Aproxima-se o final das férias e,
consequentemente, o início do ano lectivo. As famílias fazem contas, compra-se
como se pode o que é determinado ou desejado pelos miúdos, prepara-se o
material para que tudo esteja em condições,
Recordei-me de que quando
era miúdo, lá muito para trás no tempo, havia algo de obrigatório na mala da
escola, ainda não tinham inventado as mochilas. Era o caderno dos deveres. Para
muitos de nós a escola definia-se pela existência de uma professora e de um
caderno dos deveres. Deve ser conversa de velho mas acho piada a este nome, ao
contrário do que pensava naquela época. Mas era um tempo de deveres, os da
escola e todos os outros. Não era um tempo de direitos, de muitos direitos. E
na escola, salvo algumas excepções só se falava mesmo de deveres e por isso um
caderno dos deveres.
Depois veio uma festa com alguma
turbulência e chegaram os direitos, todos os direitos, acreditava-se, e acabou
o caderno dos deveres.
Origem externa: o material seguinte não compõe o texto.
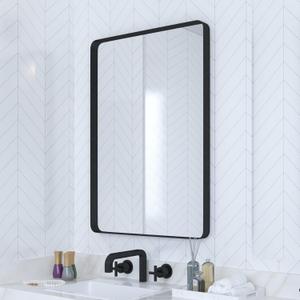 Black Metal Framed Bathroom Mirror for Wall, 22 x 30 Inch Rounded Rectangle Matte Black Bathroom Vanity Mirror Farmhouse, 1/4-inch Shatterproof Glass | Ultra-Flush Hanging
A poeira assentou e, provavelmente por alguma
embriaguez, parece ter-se instalado de mansinho uma ideia de que entrámos numa
época de direitos só de direitos e os deveres passaram a ser olhados como algo
a evitar e de que se foge sempre que se pode.
Actualmente, olhamos à nossa
volta e parecemos divididos em torno dos direitos, os que têm muitos e os que
têm poucos e achamos todos que não temos deveres.
Há quem não tenha o direito ao
trabalho, à habitação, à saúde, à educação e há quem tenha direito à
impunidade, ao que não é seu, ao não cumprimento da lei, são os que eu chamo de
donos do mundo, os que entendem que o dia e as outras pessoas acordam para
satisfação dos seus direitos que foram, claro, por si estabelecidos.
Voltando à escola e não sendo eu
grande defensor dos manuais, creio que o único manual que se justificaria
obrigatório seria um “Caderno dos direitos e dos deveres para construir um
mundo decente”.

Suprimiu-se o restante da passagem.